Je voulais juste poser la question de la position de LJS, puisque ce groupe ne s'exprime pas: quant à la liberté, on peut discuter; par rapport à la justice sociale, sur une motion comme celle-ci, j'ai de la peine à comprendre sa position. Merci, Madame la présidente.
Mme Nathalie Fontanet, conseillère d'Etat. Mesdames et Messieurs les députés, les évaluations de fonctions à l'Etat de Genève ne se basent pas uniquement sur le critère de la formation professionnelle: outre celui-ci, on compte le critère de l'expérience, qui doit être traité avec le précédent de manière indissociable. Il est important de relever que ces critères sont interconnectés et qu'une analyse de chacun d'eux est nécessaire pour déterminer la pertinence et l'actualité des niveaux retenus.
Je rappelle en outre que le service évaluation système de rémunération et expertise métiers évalue toutes les demandes de la même manière, en respectant la procédure, ceci, Mesdames et Messieurs, afin de garantir l'équité de traitement.
Demander que le Conseil d'Etat puisse décider lui-même qui mérite une classe de plus ou de moins, cela n'est pas très coordonné: aujourd'hui, c'est un examen très approfondi des postes et des fonctions dans un contexte réel d'exercice qui peut aboutir à une nouvelle évaluation; cela ne peut être effectué que par le service compétent.

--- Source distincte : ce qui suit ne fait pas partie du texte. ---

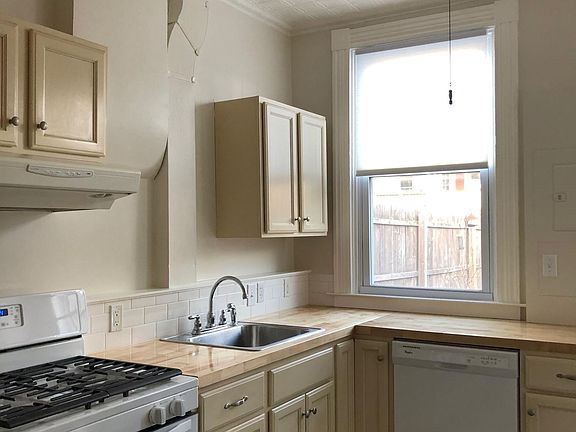 Kitchen: Tin ceilings, gas stove, dishwasher.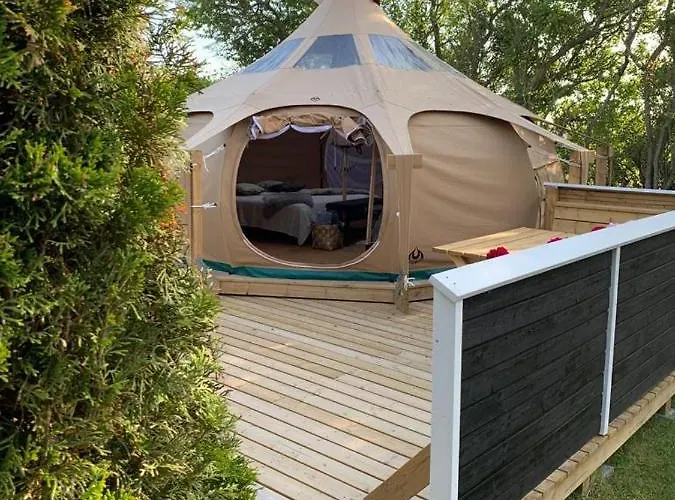 Romantic Luxus Glamping 3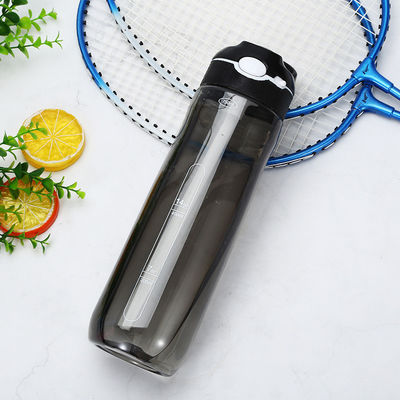 Accesorios con tapa gimnasio al aire libre botella de agua con paja y plástico libre de BPA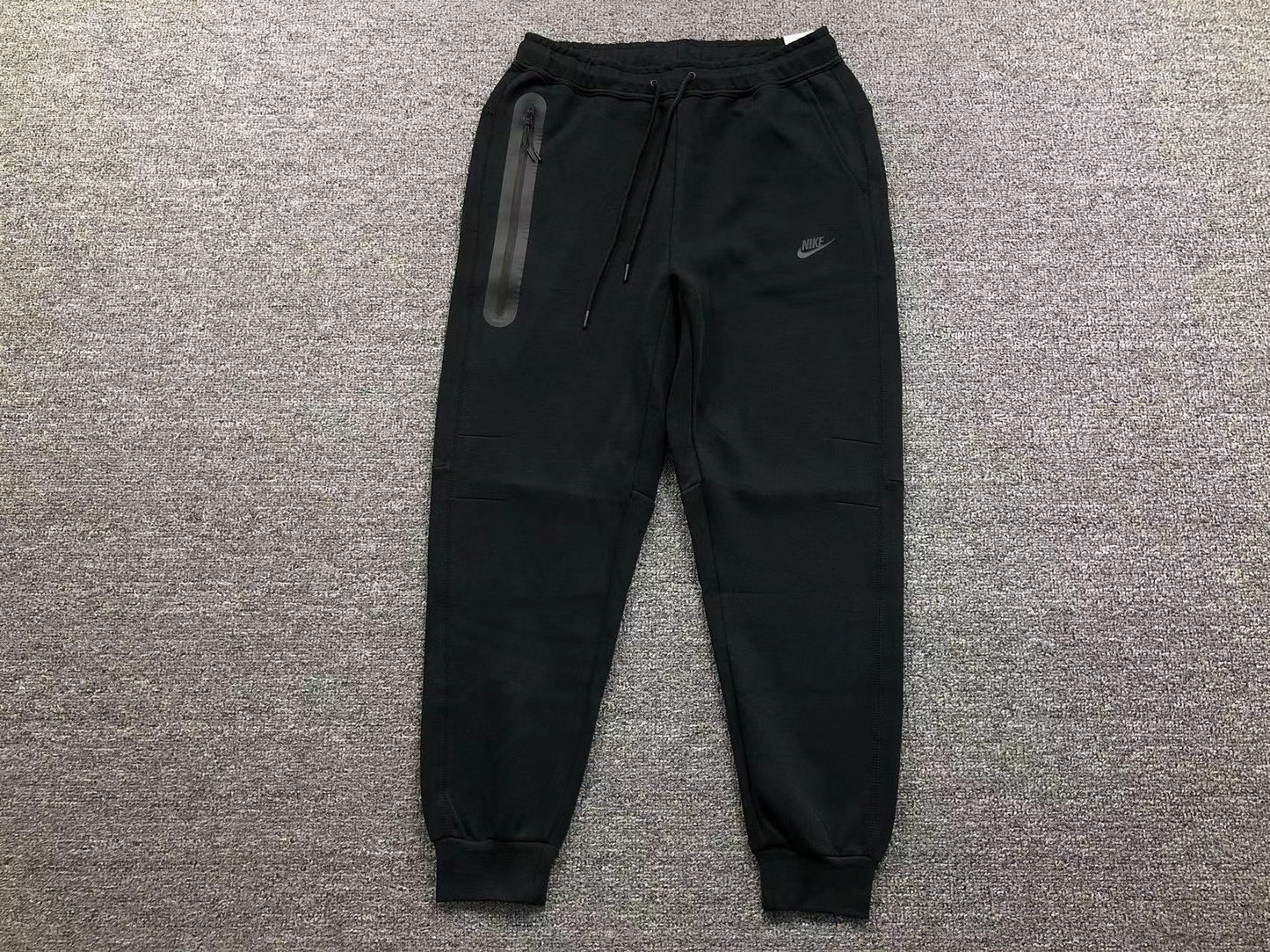 nike-tech-fleece-tracksuit-black-5_4d12b25a-Drip Store Argentina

L'évaluation demandée ici est susceptible de créer une inégalité de traitement avec d'autres métiers similaires, non seulement du grand Etat, mais aussi du petit, et aussi de métiers qui sont tout aussi difficiles. De nouveau, c'est seulement par un examen global des fonctions dans le projet G'Evolue qu'on sera à même de garantir une équité de traitement entre les différents métiers.
J'aimerais rappeler qu'un protocole d'accord a été signé dans le cadre de G'Evolue, qu'une commission paritaire a été constituée, qu'elle travaille extrêmement bien pour l'heure. L'ensemble des décisions a été pris à l'unanimité, que ce soit par la délégation employeur ou la délégation des associations représentatives des salariés. Dans ce contexte, il me paraît prudent de ne pas accepter cette motion et de continuer à faire évaluer les fonctions par le biais du service compétent, respectivement d'attendre la méthode G'Evolue - vous serez saisis d'un projet de loi au mois de juin. L'objectif est que cette méthode soit sous toit avant la fin de la législature, car si cela traîne trop, d'autres finiraient par tirer la prise, voilà ! Merci, Mesdames et Messieurs.
La présidente. Merci, Madame la conseillère d'Etat. Nous passons au vote.
Mise aux voix, la proposition de motion 3071 est rejetée par 50 non contre 44 oui (vote nominal).